La constatation de la seule vérification auprès d'un voisin est insuffisante à caractériser les diligences requises pour s'assurer de la réalité de ce domicile

 

Texte intégral

RÉPUBLIQUE FRANCAISE
AU NOM DU PEUPLE FRANCAIS

LA COUR DE CASSATION, DEUXIÈME CHAMBRE CIVILE, a rendu l'arrêt suivant :

CIV. 2

CM



COUR DE CASSATION
______________________


Audience publique du 12 janvier 2023




Cassation


M. PIREYRE, président



Arrêt n° 35 F-D

Pourvoi n° C 21-17.842




R É P U B L I Q U E F R A N Ç A I S E

_________________________

AU NOM DU PEUPLE FRANÇAIS
_________________________


ARRÊT DE LA COUR DE CASSATION, DEUXIÈME CHAMBRE CIVILE, DU 12 JANVIER 2023

Mme [T] [Z], domiciliée [Adresse 2], a formé le pourvoi n° C 21-17.842 contre l'arrêt rendu le 21 mai 2021 par la cour d'appel de Paris (pôle 4, chambre 3), dans le litige l'opposant :

1°/ à M. [O] [N],

2°/ à Mme [E] [H], épouse [N],

tous deux domiciliés [Adresse 1],

défendeurs à la cassation.

La demanderesse invoque, à l'appui de son pourvoi, le moyen unique de cassation annexé au présent arrêt.

Le dossier a été communiqué au procureur général.

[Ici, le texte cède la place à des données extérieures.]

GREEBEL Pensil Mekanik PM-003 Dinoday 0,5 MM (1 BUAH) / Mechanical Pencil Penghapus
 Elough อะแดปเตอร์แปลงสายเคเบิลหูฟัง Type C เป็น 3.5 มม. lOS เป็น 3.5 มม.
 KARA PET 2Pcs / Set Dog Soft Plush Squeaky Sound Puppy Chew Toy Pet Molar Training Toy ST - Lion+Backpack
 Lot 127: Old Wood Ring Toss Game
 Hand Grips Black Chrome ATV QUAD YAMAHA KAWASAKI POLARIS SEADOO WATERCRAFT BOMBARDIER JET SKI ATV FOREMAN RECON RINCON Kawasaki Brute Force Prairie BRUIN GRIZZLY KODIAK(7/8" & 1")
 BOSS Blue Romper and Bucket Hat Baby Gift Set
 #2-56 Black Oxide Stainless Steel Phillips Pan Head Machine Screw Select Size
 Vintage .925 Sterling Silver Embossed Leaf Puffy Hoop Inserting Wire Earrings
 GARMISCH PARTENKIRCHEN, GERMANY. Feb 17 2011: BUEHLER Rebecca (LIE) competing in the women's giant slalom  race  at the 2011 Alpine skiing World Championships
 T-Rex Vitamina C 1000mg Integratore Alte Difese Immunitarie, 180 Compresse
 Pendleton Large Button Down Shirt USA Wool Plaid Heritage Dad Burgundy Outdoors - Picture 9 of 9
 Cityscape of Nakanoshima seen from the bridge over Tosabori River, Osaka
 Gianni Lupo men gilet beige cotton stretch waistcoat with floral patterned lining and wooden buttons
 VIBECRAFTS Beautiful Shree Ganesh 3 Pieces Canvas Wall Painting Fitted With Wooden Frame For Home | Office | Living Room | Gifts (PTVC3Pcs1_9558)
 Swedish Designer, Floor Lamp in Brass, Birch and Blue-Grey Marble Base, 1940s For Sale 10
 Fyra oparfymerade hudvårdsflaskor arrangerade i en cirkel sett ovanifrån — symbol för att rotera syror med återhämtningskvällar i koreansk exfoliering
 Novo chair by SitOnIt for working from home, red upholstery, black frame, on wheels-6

Sur le rapport de M. Delbano, conseiller, les observations de la SCP Jean-Philippe Caston, avocat de Mme [Z], de la SCP Célice, Texidor, Périer, avocat de M. et Mme [N], et l'avis de M. Adida-Canac, avocat général, après débats en l'audience publique du 22 novembre 2022 où étaient présents M. Pireyre, président, M. Delbano, conseiller rapporteur, Mme Martinel, conseiller doyen, et Mme Thomas, greffier de chambre,

la deuxième chambre civile de la Cour de cassation, composée des président et conseillers précités, après en avoir délibéré conformément à la loi, a rendu le présent arrêt.

Faits et procédure

1. Selon l'arrêt attaqué (Paris, 21 mai 2021) et les productions, par déclaration du 27 mai 2020, Mme [Z] a interjeté appel du jugement rendu par un tribunal d'instance dans un litige portant sur un bail qui lui avait été consenti, ainsi qu'à un tiers, par M. et Mme [N], ayant fait l'objet d'une signification à étude le 2 mars 2018.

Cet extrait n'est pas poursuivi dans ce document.